++++ Data ++++
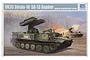 Box art for Trumpeter 1/35 scale 9K35 Strela-10 SA-13 Gopher model kit showing two green military vehicles in a field, one firing a missile.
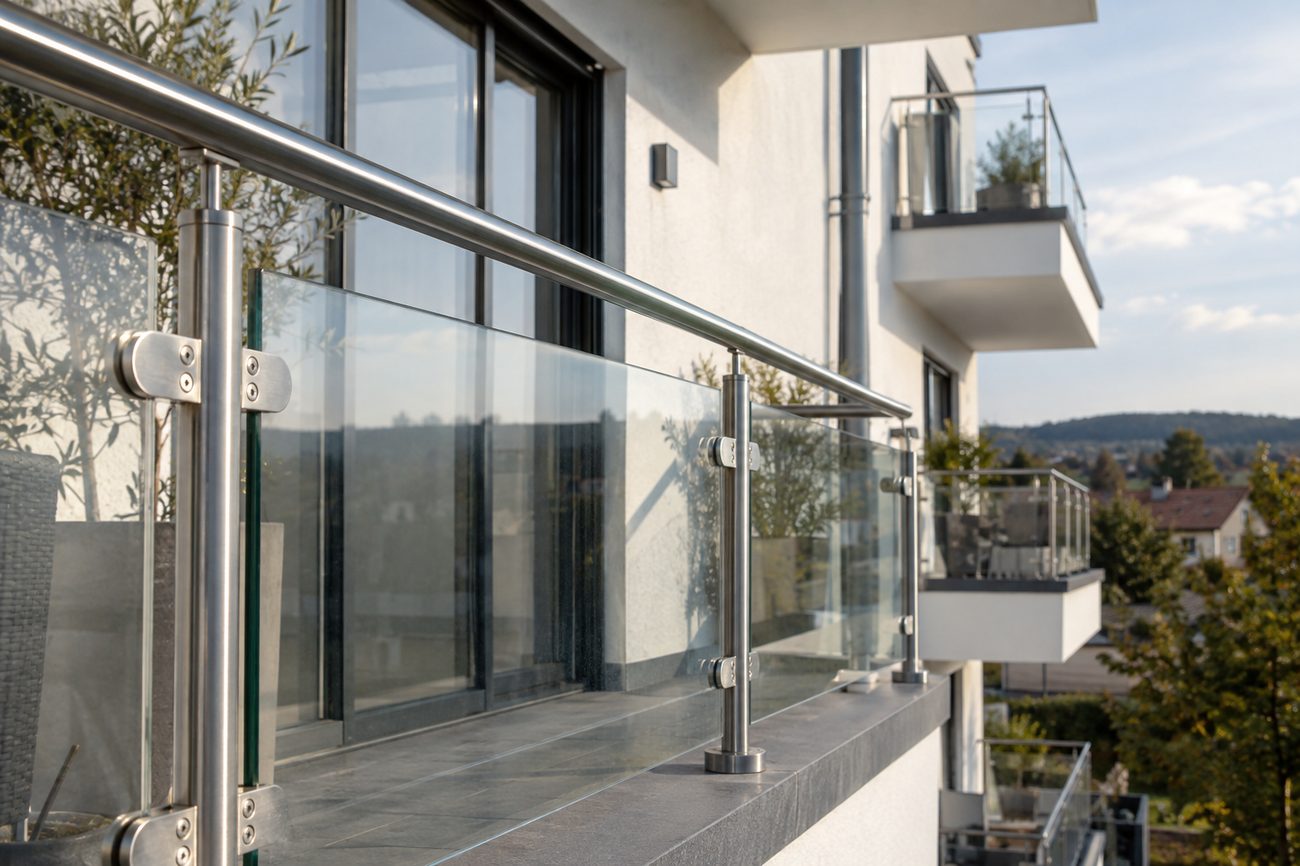 Edelstahlgeländer mit Glasfüllung an einem Balkon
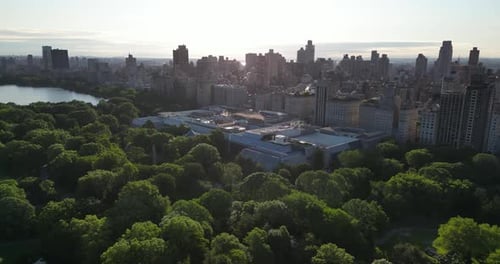 Drone view of NYC Metropolitan Museum of Art, largest art museum in the Americas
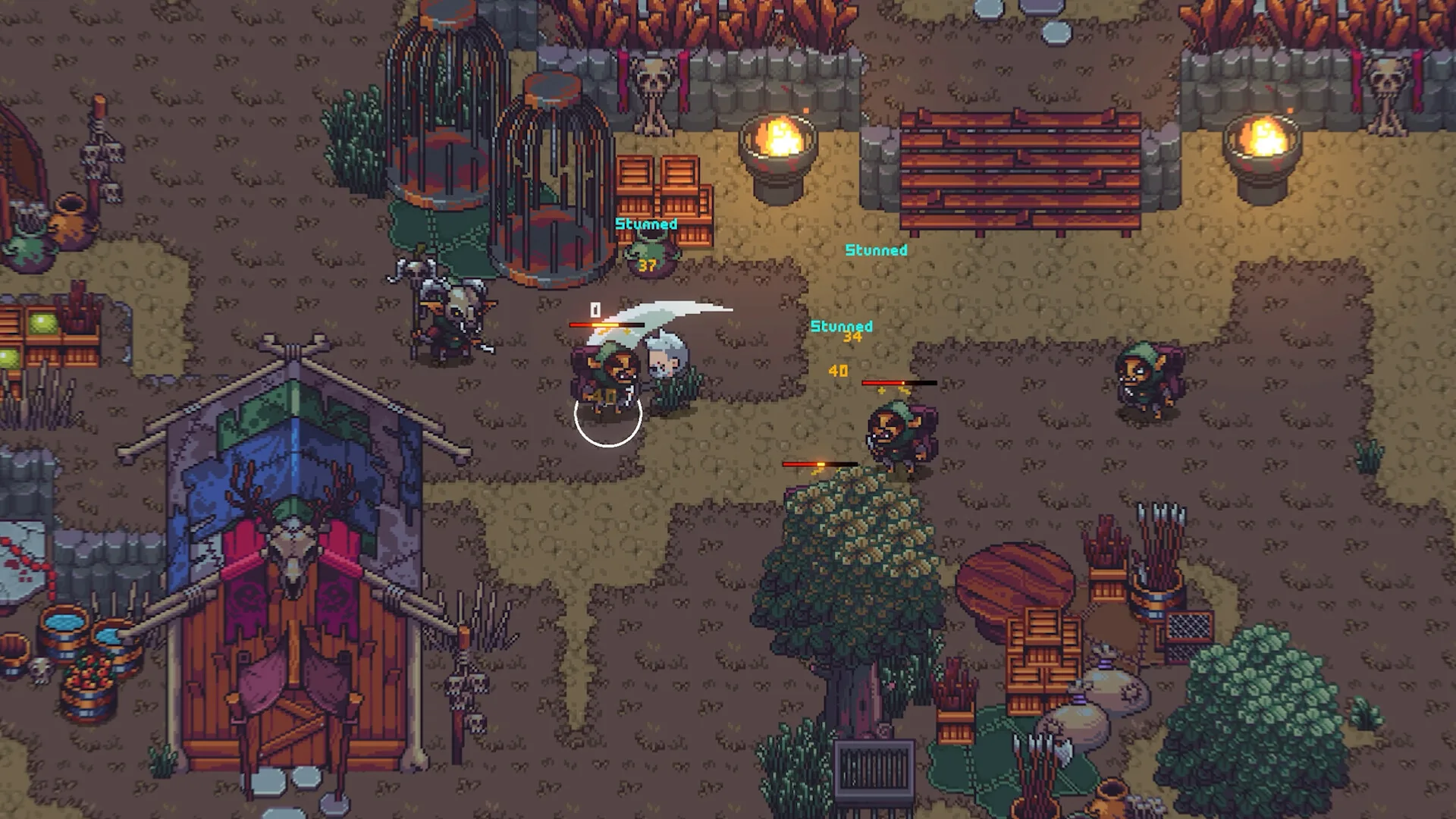 The hero hits hooded goblins with weapons near a camp with cages and fires in Emberville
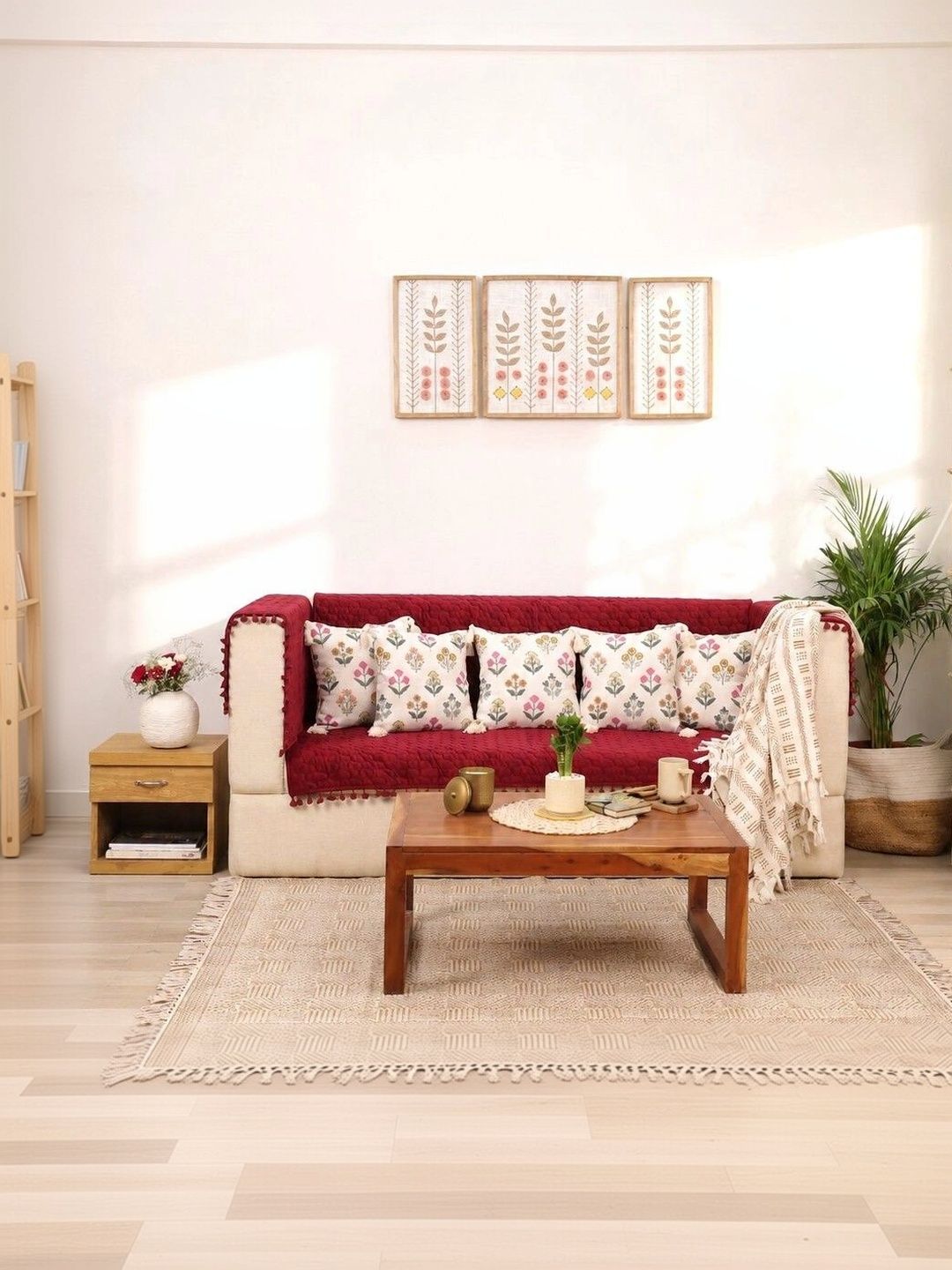 eyda Maroon Sofa Cover With Arms-picture-14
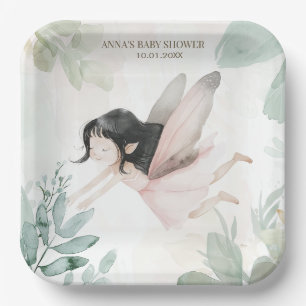 Brunette Fairy Girl Baby Shower Paper Plate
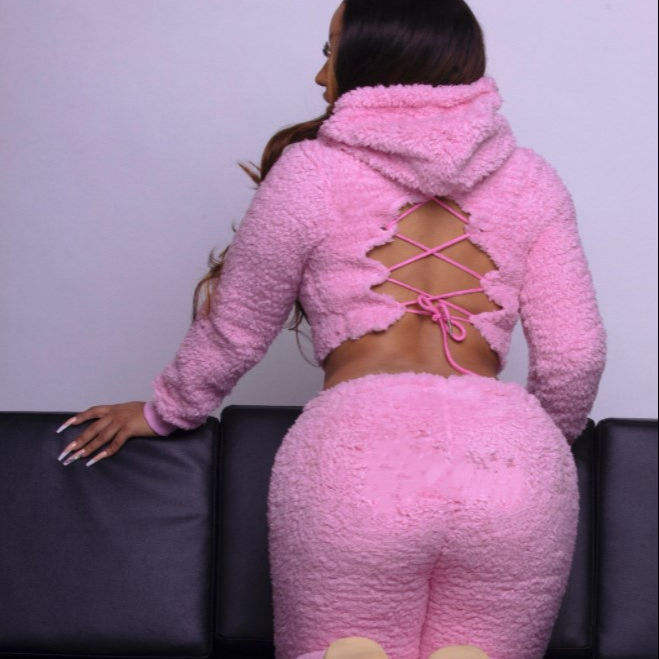 Winter Women Luxury Clothing Furry Prettylittlething Sweats Women Sweatsuit Set Tracksuit Two Piece Pants Hoodie Set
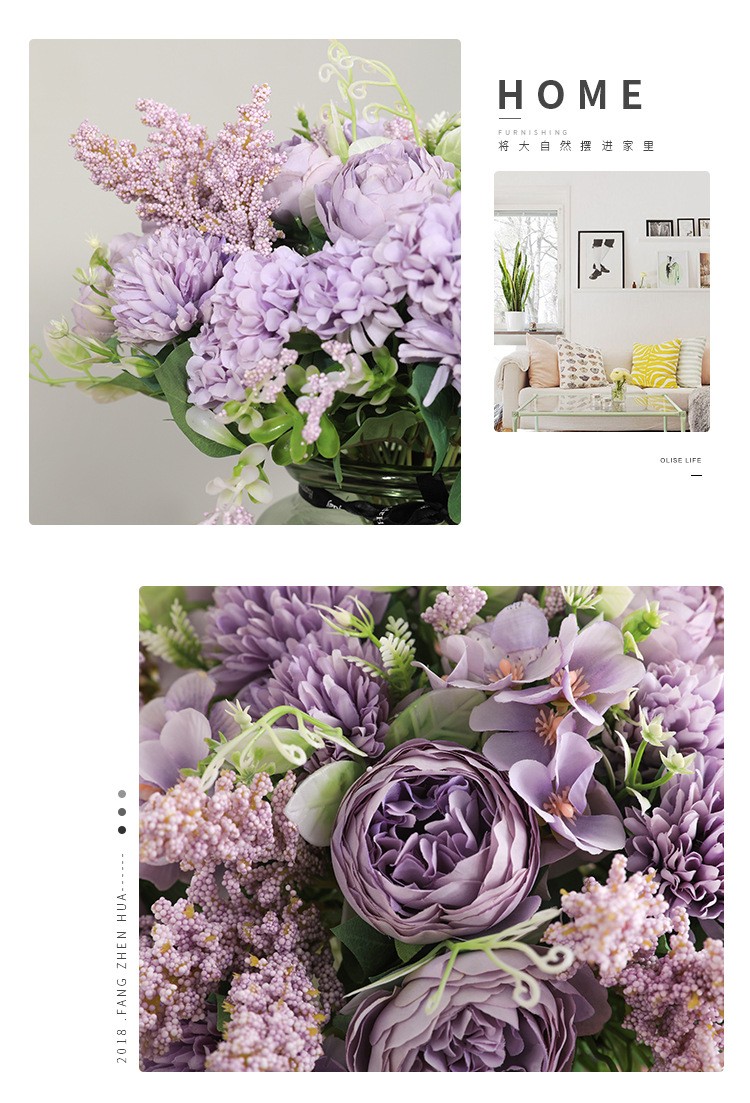 Wholesale of living room home simulation multi-head rose bouquets, Korean-style bride's hand-held bouquets, simulation 7-head Filipino roses detail image 8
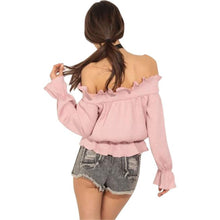 Sexy Women Short Blouses Off The Shoulder Long Sleeve Pink Casual Blouses Shirt Tops Blusas Femininos IMY66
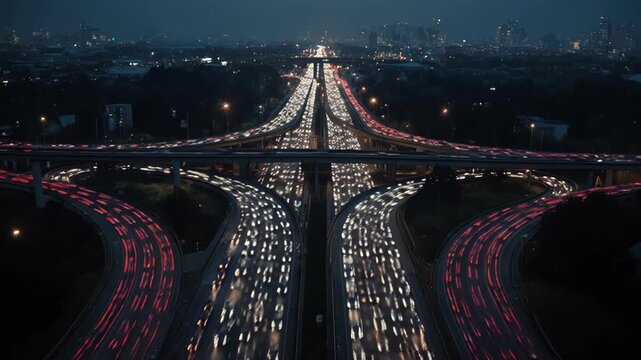 Metropolitan highway commute: night traffic, vehicle headlight, city sprawl, road junction, urban motion, dynamic flow, evening transit, speed blur.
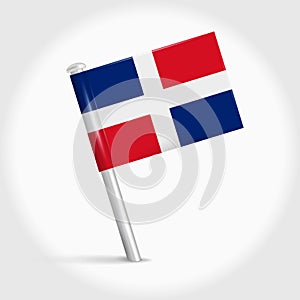 Dominican Republic map pin flag. 3D realistic vector illustration photo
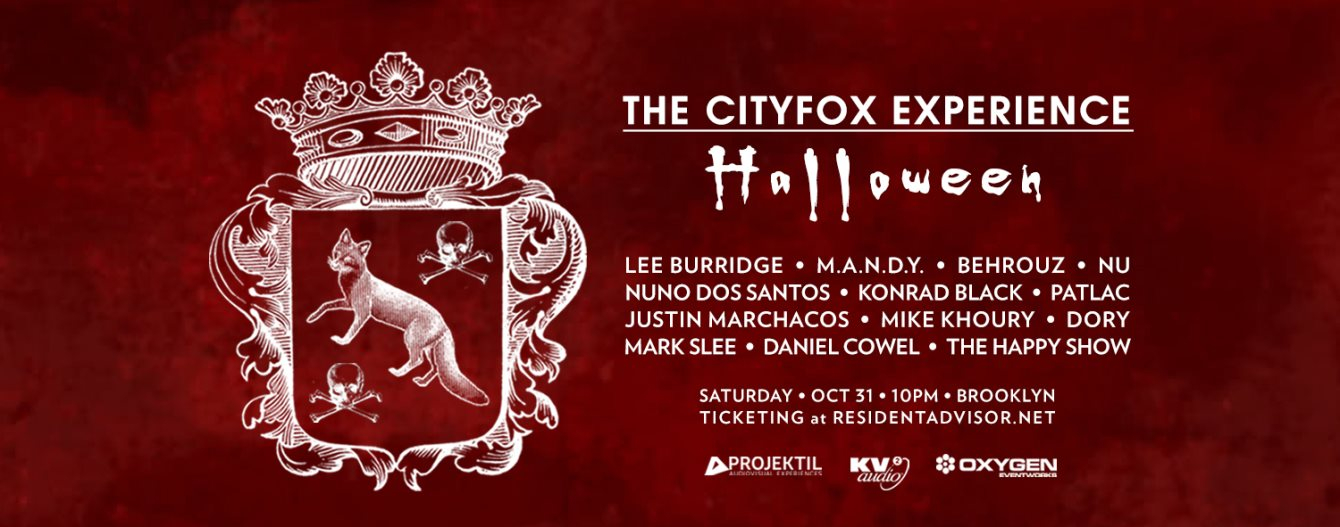 The Cityfox Halloween Experience with Lee Burridge, M.A.N.D.Y., Behrouz, NU & More - Flyer front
++++
▸ **Exercise**
A faithful copy of the data above is wanted, with every image left out.

▸ **Task answer**
 Box art for Trumpeter 1/35 scale 9K35 Strela-10 SA-13 Gopher model kit showing two green military vehicles in a field, one firing a missile.
 Edelstahlgeländer mit Glasfüllung an einem Balkon
 Drone view of NYC Metropolitan Museum of Art, largest art museum in the Americas
 The hero hits hooded goblins with weapons near a camp with cages and fires in Emberville
 eyda Maroon Sofa Cover With Arms-picture-14
 Brunette Fairy Girl Baby Shower Paper Plate
 Winter Women Luxury Clothing Furry Prettylittlething Sweats Women Sweatsuit Set Tracksuit Two Piece Pants Hoodie Set
 Wholesale of living room home simulation multi-head rose bouquets, Korean-style bride's hand-held bouquets, simulation 7-head Filipino roses detail image 8
 Sexy Women Short Blouses Off The Shoulder Long Sleeve Pink Casual Blouses Shirt Tops Blusas Femininos IMY66
 Metropolitan highway commute: night traffic, vehicle headlight, city sprawl, road junction, urban motion, dynamic flow, evening transit, speed blur.
 Dominican Republic map pin flag. 3D realistic vector illustration photo
 The Cityfox Halloween Experience with Lee Burridge, M.A.N.D.Y., Behrouz, NU & More - Flyer front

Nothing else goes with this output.